1960 dir. Stanley Kramer

In 1925, a Tennessee legislator, fearful that schoolchildren were being exposed to unchristian ideas, sponsored a bill that made teaching Darwin’s theory of evolution illegal in public schools. The ACLU offered to support any teacher willing to oppose the ordinance, and a substitute named John Thomas Scopes volunteered. His trial, remembered as the Scopes Monkey Trial, became a national news story when two of the country’s most admired attorneys took up opposing sides of the case. It later became a play, which became a movie, which was called “Inherit the Wind.”

In this fictionalized account, the teacher is named Bert Cates (played by Dick York), and he’s defended by Spencer Tracy as Henry Drummond (standing in for real-life defense attorney Clarence Darrow). At the prosecutor’s table is Matthew Harrison Brady (Fredric March), a fictional version of professional presidential election loser William Jennings Bryan. Along with a cynical newspaper man (Gene Kelly), the town’s zealous reverend (Jeremiah Brown), and a crowd of god-fearing onlookers, Cates, Drummond, and Brady pack into a small rural courthouse to argue the merits of faith v. freethinking. Before the verdict is reached, the lawyers get to showcase their silver tongues and display some serious legal bravado.

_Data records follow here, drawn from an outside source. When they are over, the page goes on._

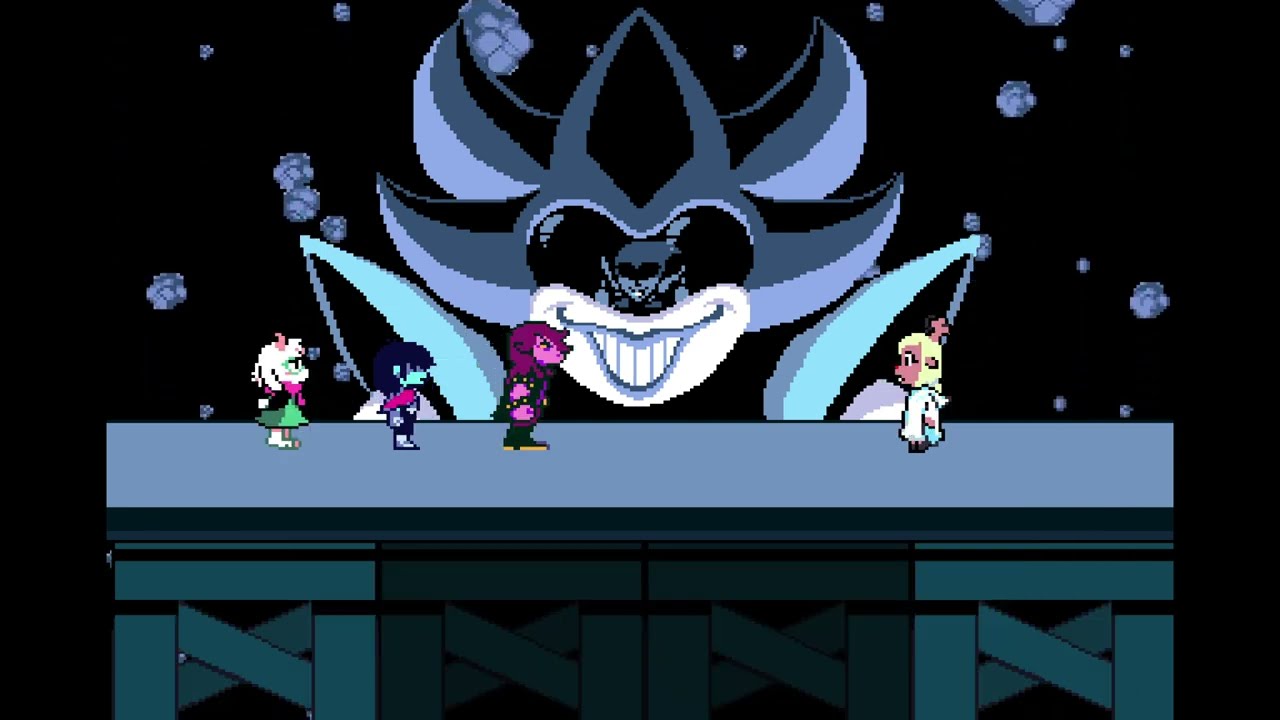 Deltarune Chapter 2 - Session #15: Queen II [No commentary]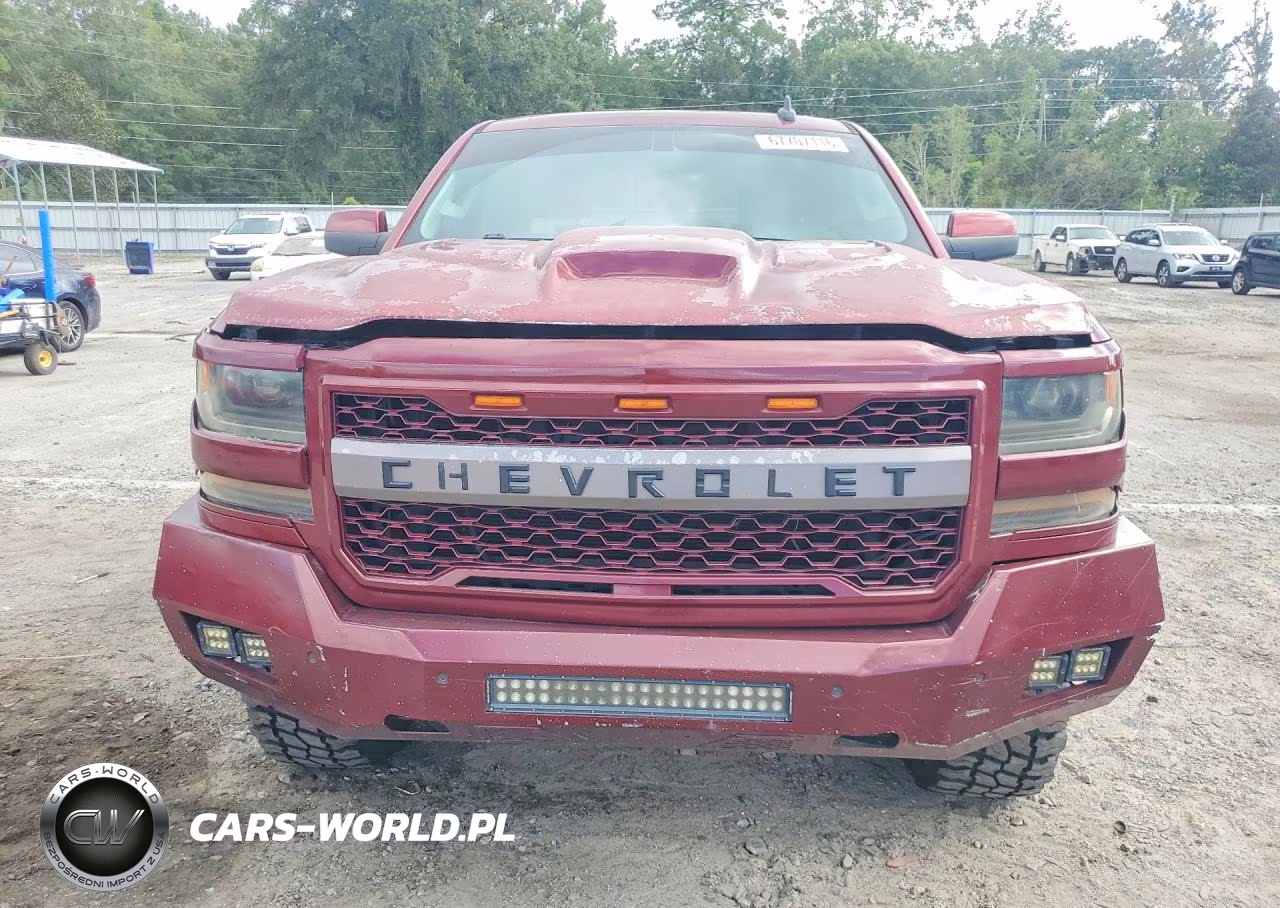 2016 Chevrolet Silverado K1500 Lt VIN:3GCUKREC7GG175130 - 5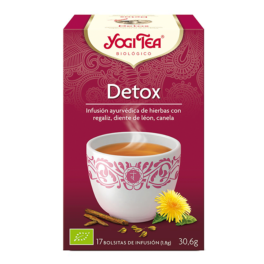 Yogi Tea Detox 17 bolsitas de infusión | Compra Online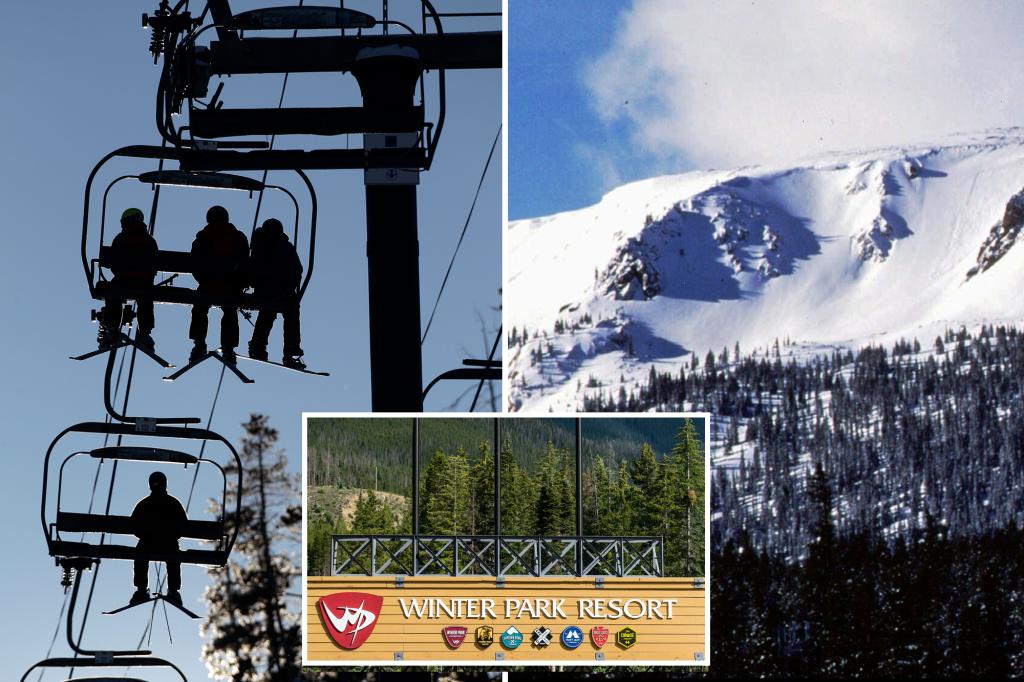 Colorado skiers and snowboarders stranded for hours on cracked lift, forced to come down on ropes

So is the movie any good? The short answer is yes. The writing is rich and clear and sometimes lyrical. Spencer Tracy especially gets to deliver some great lines. The movie is also uniformly well acted, and there are plenty of moments for a lawyer movie aficionado like me to appreciate. The drama in the courtroom is well staged, though it sometimes feels a bit stagey. One twist made me roll my eyes, but then I looked it up and it actually happened in real life! So the film delivers as a recreation of a very dramatic and significant case.

But, for me anyway, “Inherit the Wind” is just not an easy movie to get excited about, at least not all these years later. The story is so inherently didactic that it’s hard to feel much of anything about the human beings at its center. They often come across as mouthpieces or archetypes, and when the movie does try to gin up some human-interest subplots – Drummond and Brady are supposed to be old friends, for example, and Cates is engaged to the town reverend’s daughter – it usually loses momentum.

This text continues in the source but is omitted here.